ボクが本書を読み新たな発見というか、「へぇ~!」と興味深かったことは旅によって新しい「検索ワード」と出会うという指摘でした。

旅は「自分」ではなく「検索ワード」を変える

ボクは旅が好きで、休みが長く取れるようであれば必ずどこかへ行くようにしています。なぜ旅をするのかと自問してみると、答えとして、1つめは「楽しいから」2つめにくるのが「日常が退屈だから」というものです。周りの知人友人には旅は楽しいから行くんだよと言っている一方で、きっと「自分を変えたい」なんて願望を隠し持っていました。
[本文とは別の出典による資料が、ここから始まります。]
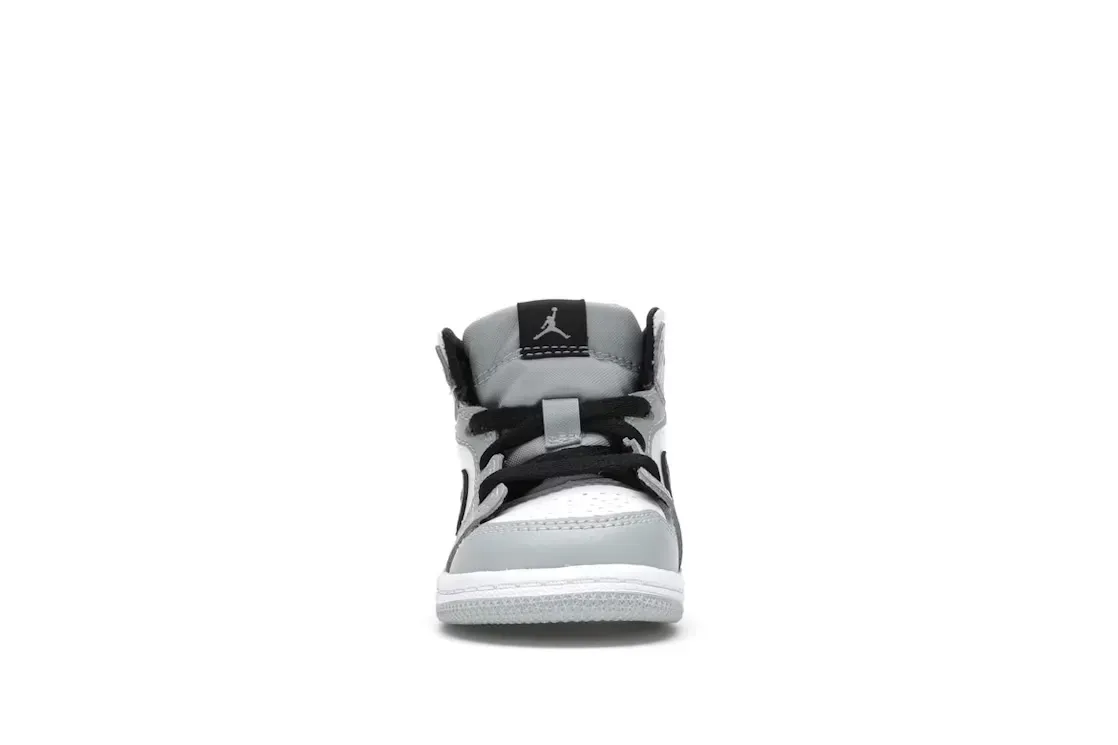 Фото № 2 с приближением к товару «‎Jordan 1 Mid»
というわけで、国内海外いろんなトコへ行ってきました。 それで自分は変わったのか? たぶん変わっていません。 変わったという実感を持てなかったので。

ただ本書で「検索ワード」という考えを知り、そういえばという気付きがありました。例えば、学生時代に行ったオーストラリアでは自分自身の本質的な部分の変化はなかったと思っていたけど、日本(日常)を離れ、初めての土地(非日常)での生活はボクの中での「検索ワード」を変えたことは間違いないと断言できます。
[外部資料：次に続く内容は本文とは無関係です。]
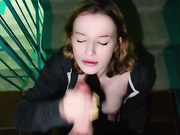 Минетик и др.. в подъезде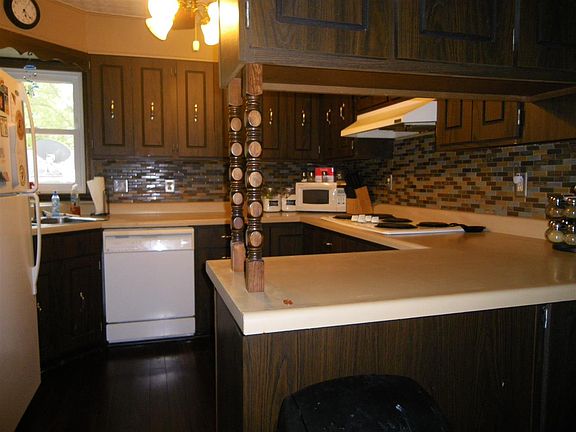 4th image of 1109 N Helfrich Ave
ネットには情報が溢れているということになっているけど、ぜんぜんそんなことはないんです。むしろ重要な情報は見えない。なぜなら、ネットでは自分が見たいと思っているものしか見ることができないからです。そしてまた、みな自分が書きたいと思うものしかネットには書かないからです。

インターネットが発達し、誰もが手にしたい情報にいつでもたどり着ける状態にはなっているけど、検索をかけるボクたち自身に変化がなければ何も変わらないということでしょう。発達したインターネットをより有益に活用するために、ボクたちが新しい「検索ワード」と出会う旅に出掛けるべきであるという著者の主張に、ボクは賛同しています。

まとめ

最後に本書冒頭の記述を引用します。

ネットは階級を固定する道具です。「階級」という言葉が強すぎるなら、あなたの「所属」と言ってもいい。世代、会社、趣味......なんでもいいですが、ひとが所属するコミュニティのなかの人間関係をより深め、固定し、そこから逃げ出せなくするメディアがネットです。

この章のタイトルが「強いネットと弱いリアル」です。

ネットがいくら便利で強大な存在になったとして、リアルを生きるボクたちがそれに従ってばかりでは新しいものの発見はないと思います。身近な話をすれば、人に勧めたくなるような美味しい居酒屋をPC画面の前で探すより、自分の足で歩き飲んでみて気に入った居酒屋の方が良かったりします。ネットもいいが、「外へ出よ」ということでしょう。